With 99% negatives and 1% positives, the model can hit 99% accuracy by predicting "negative" for everything. Log loss happily allows this — it minimizes total loss, and most loss comes from negatives.

Fixes:

class_weight="balanced" in sklearn — weights inversely proportional to class frequencies
Resampling — undersample majority or oversample minority (SMOTE)
Lower threshold — predict positive at p > 0.05 instead of 0.5
Use better metrics — F1, AUPRC, balanced accuracy, not raw accuracy

Problem 2 — Perfect separation

If a single feature perfectly separates the classes (e.g. age < 18 → class 0, age ≥ 18 → class 1), unregularized logistic regression has no finite optimum: making the weight bigger always reduces log loss, so the optimizer pushes w → ∞.

Diagnose: coefficients keep growing; convergence warnings; standard errors explode. Fix: always include L2 regularization (sklearn's defaultC = 1.0 already does this).

Problem 3 — Multicollinearity & unstable coefficients

Just like linear regression, correlated predictors give unstable, hard-to-interpret weights. Even worse here: a positive coefficient may flip negative when you add or remove a feature.

Fixes: drop redundant features, use Ridge (L2) penalty for stability, or Lasso (L1) for automatic feature selection.

Problem 4 — Probability calibration

Logistic regression is usually well-calibrated out of the box: when it says 70%, roughly 70% of those cases really are positive. But after heavy regularization, class weighting, or resampling, calibration breaks. Predicted "0.9" might really mean 60%.
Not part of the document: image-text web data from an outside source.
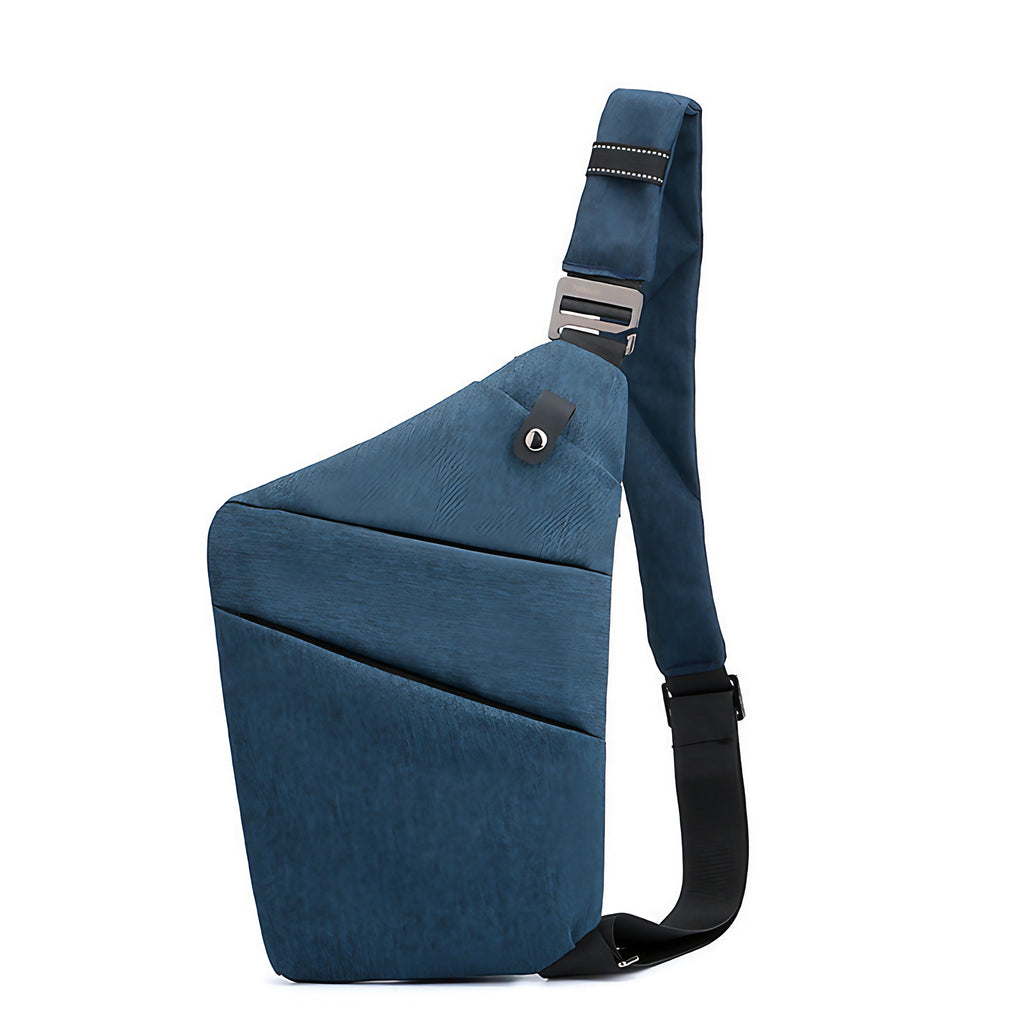 Sac bandoulière antivol à poches cachées, épaule droite ou gauche, bleu foncé, épaule droite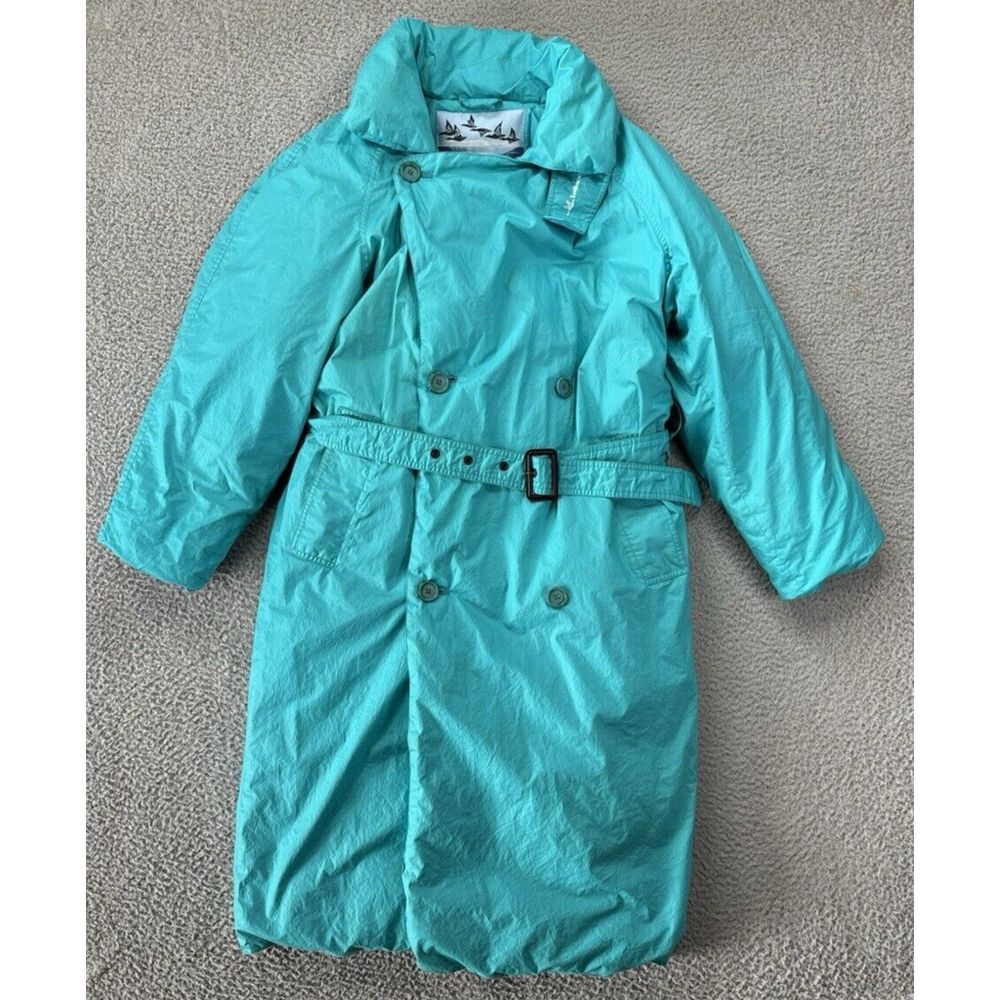 Vintage Lothars Paris Long Puffer Coat Womens‎ Small Blue Belted Goose Down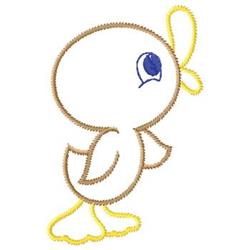 Playful duckling with white body, yellow beak, and whimsical blue eye, perfect for springtime Applique designs.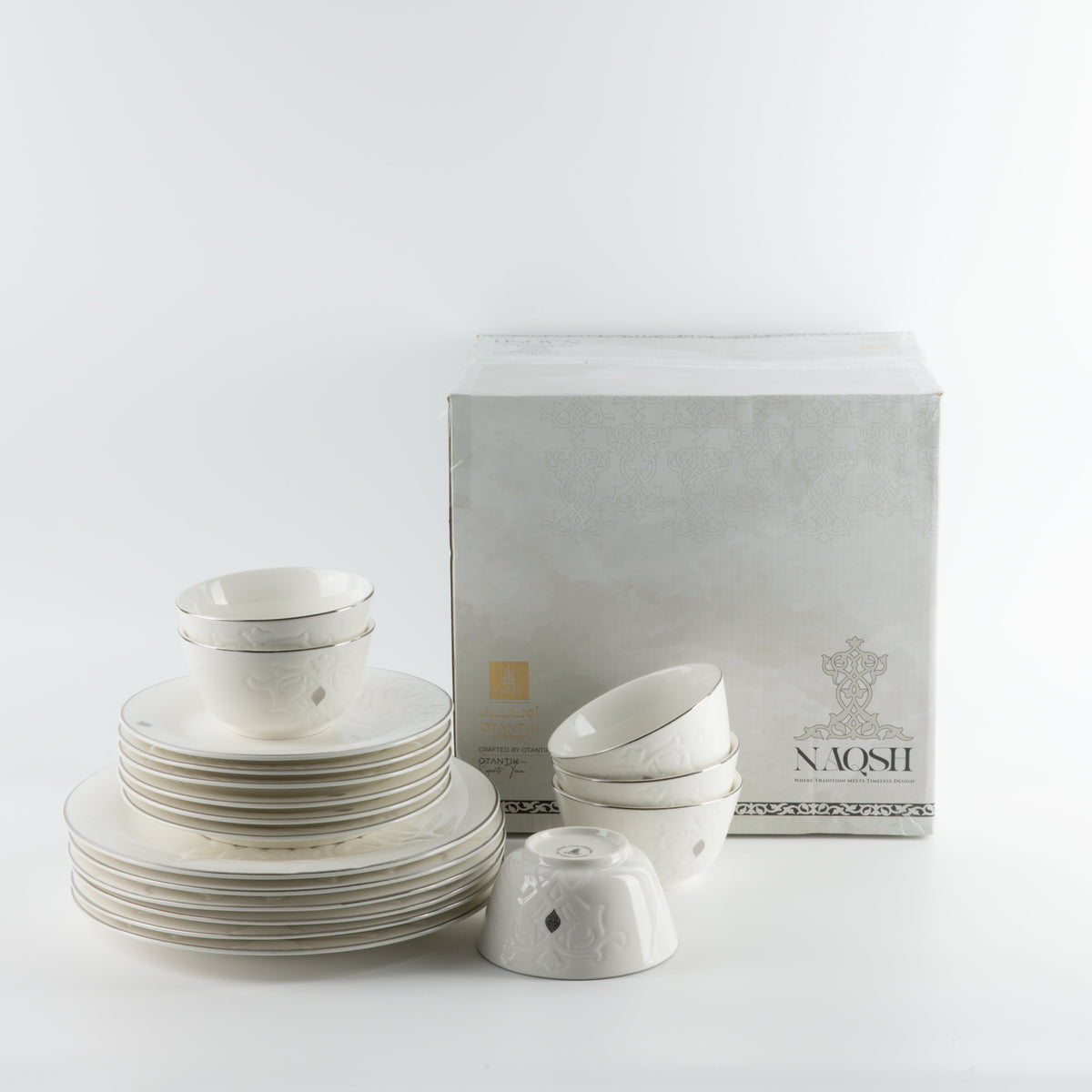 Naqsh - Dinner Set (18-Pc) - White & Silver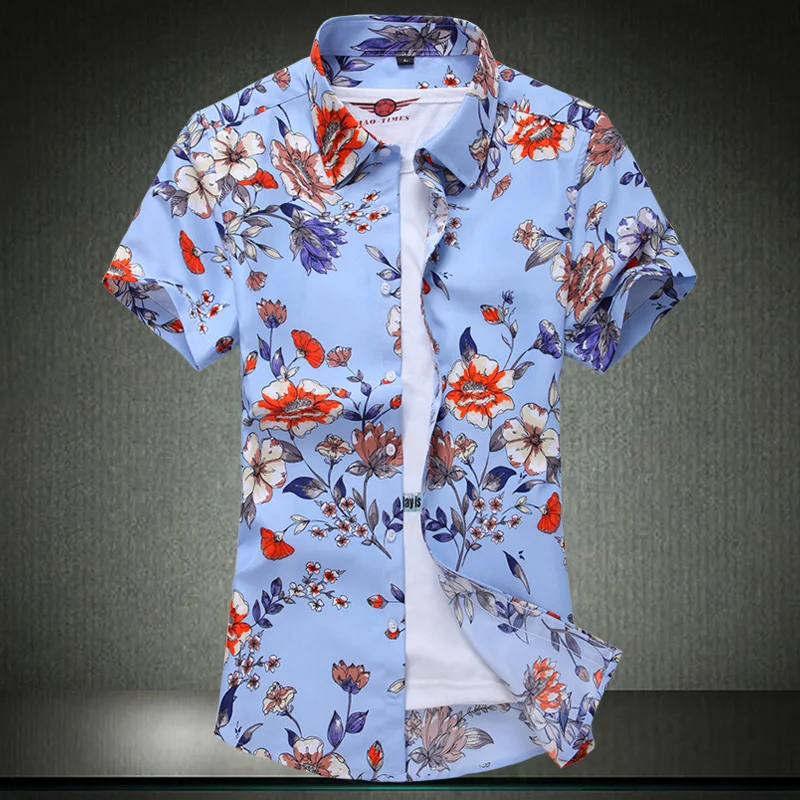 

Fashion Korea Design Hawaii Beach Short Sleeve Black White Casual Shirts Men's Print Blouse 2022 Summer Clothes OverSize 7XL 6XL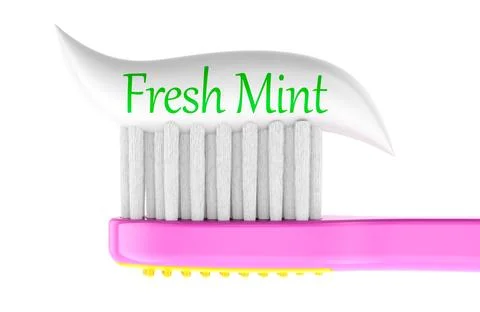 Toothbrush with toothpaste Fresh Mint. 3D rendering Stock Illustration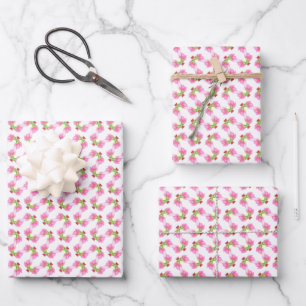 Feuille De Papier Cadeau Motif tulipe rose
Diagnose: reliability diagram (predicted vs actual frequency in bins). Fix: Platt scaling or isotonic regression on a held-out set (CalibratedClassifierCV).

Problem 5 — Multi-class extension

For K > 2 classes, replace sigmoid with softmax:

P(y = k | x) = e^(zₖ) / Σⱼ e^(zⱼ)

Each class gets its own weight vector. The cost generalizes to categorical cross-entropy. Equivalently, sklearn offers one-vs-rest — train K binary classifiers and pick the one with the highest score.

Training: Gradient Descent

Initialize

Start with weights w = 0, bias b = 0.

Forward pass

Compute z = Xw + b then p = σ(z) for every example.

Compute gradient

∂J/∂w = (1/m) Xᵀ(p − y), ∂J/∂b = mean(p − y).

Update

w := w − α · ∂J/∂w, repeat until log loss stops decreasing.

Python Implementation

from sklearn.linear_model import LogisticRegression
from sklearn.datasets import load_breast_cancer
from sklearn.model_selection import train_test_split
from sklearn.preprocessing import StandardScaler

X, y = load_breast_cancer(return_X_y=True)
X_tr, X_te, y_tr, y_te = train_test_split(X, y, stratify=y, random_state=0)

# ALWAYS scale features for logistic regression
scaler = StandardScaler().fit(X_tr)

clf = LogisticRegression(C=1.0, class_weight="balanced", max_iter=1000)
clf.fit(scaler.transform(X_tr), y_tr)

print("Accuracy:", clf.score(scaler.transform(X_te), y_te))
print("Probabilities:", clf.predict_proba(scaler.transform(X_te[:3])))
print("Coefficients:", clf.coef_[0][:5])

Use Cases

Spam vs not-spam email classification
Disease diagnosis — and you need calibrated probabilities, not just labels
Customer churn prediction with interpretable feature effects
Credit risk scoring (where regulators demand interpretable models)
Click-through rate prediction at massive scale (works on billions of rows)

Why it remains a top choice

Logistic Regression is fast, interpretable (each weight = log-odds change per unit of x), produces calibrated probabilities, scales to huge datasets, and serves as the strong baseline that more complex models must beat.